The following excerpt is taken from J.I. Packer, Faithfulness and Holiness: The Witness of J.C. Ryle (Wheaton, IL: Crossway Books, 2002), pp. 78-79. Here, Packer quotes at length from Ryle’s book, Holiness, which was originally published in 1877. John Charles Ryle (1816-1900) was an evangelical Anglican priest and, from 1880-1900, the bishop of Liverpool.

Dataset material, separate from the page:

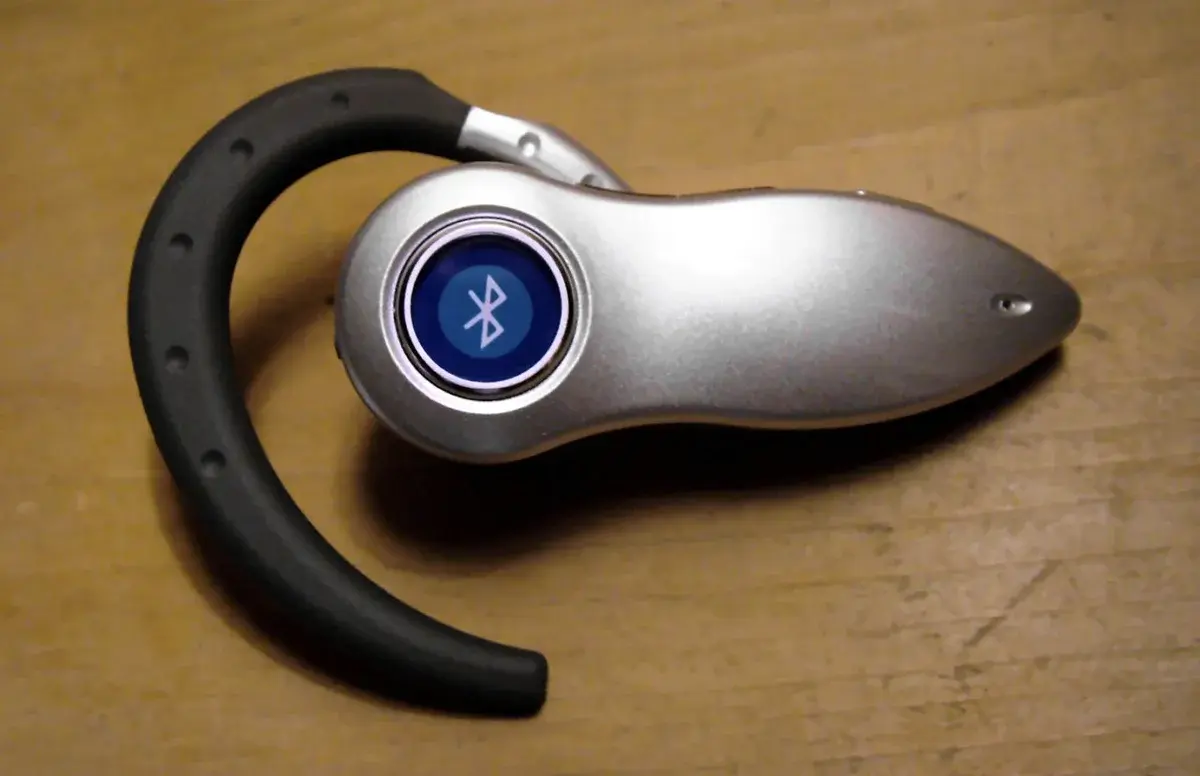 Close-up of a Bluetooth headset on a wooden surface.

Victory is the only satisfactory evidence that you have a saving religion. You like good sermons perhaps. You respect the Bible, and read it occasionally. You say your prayers night and morning. You have family prayers, and give to religious societies. I thank God for this. It is all very good. But how goes the battle? …Are you overcoming the love of the world and the fear of man? Are you overcoming the passions, tempers and lusts of your own heart? Are you resisting the devil and making him flee from you? How is it in this matter? You must either rule or serve sin and the devil and the world. There is no middle course. You must either conquer or be lost.
I know well it is a hard battle that you have to fight, and I want you to know it, too.… You must make up your mind to a daily struggle if you would reach heaven.… Sin, the world and the devil must be actually mortified, resisted and overcome.
This is the road that the saints of old have trodden.… Moses…overcame the love of pleasure.… Micaiah…overcame the love of ease.… Daniel…overcame the fear of death.… Matthew…overcame the love of money.… Peter and John…overcame the fear of man.… When Saul the Pharisee gave up all his prospects of preferment among the Jews, and preached that very Jesus whom he had once persecuted, this was overcoming: he overcame the love of man’s praise.
The same kind of thing which these men did you must also do if you would be saved. They were men of like passions with yourself, and yet they overcame. They had as many trials as you can possibly have, and yet they overcame. They fought. They wrestled. They struggled. You must do the same.
What was the secret of their victory? Their faith. They believed on Jesus and, believing, were made strong…and…were held up. In all their battles, they kept their eyes on Jesus, and he never left them nor forsook them. “They overcame by the blood of the Lamb, and by the word of their testimony” and so may you (Rev. 12:11 [KJV]).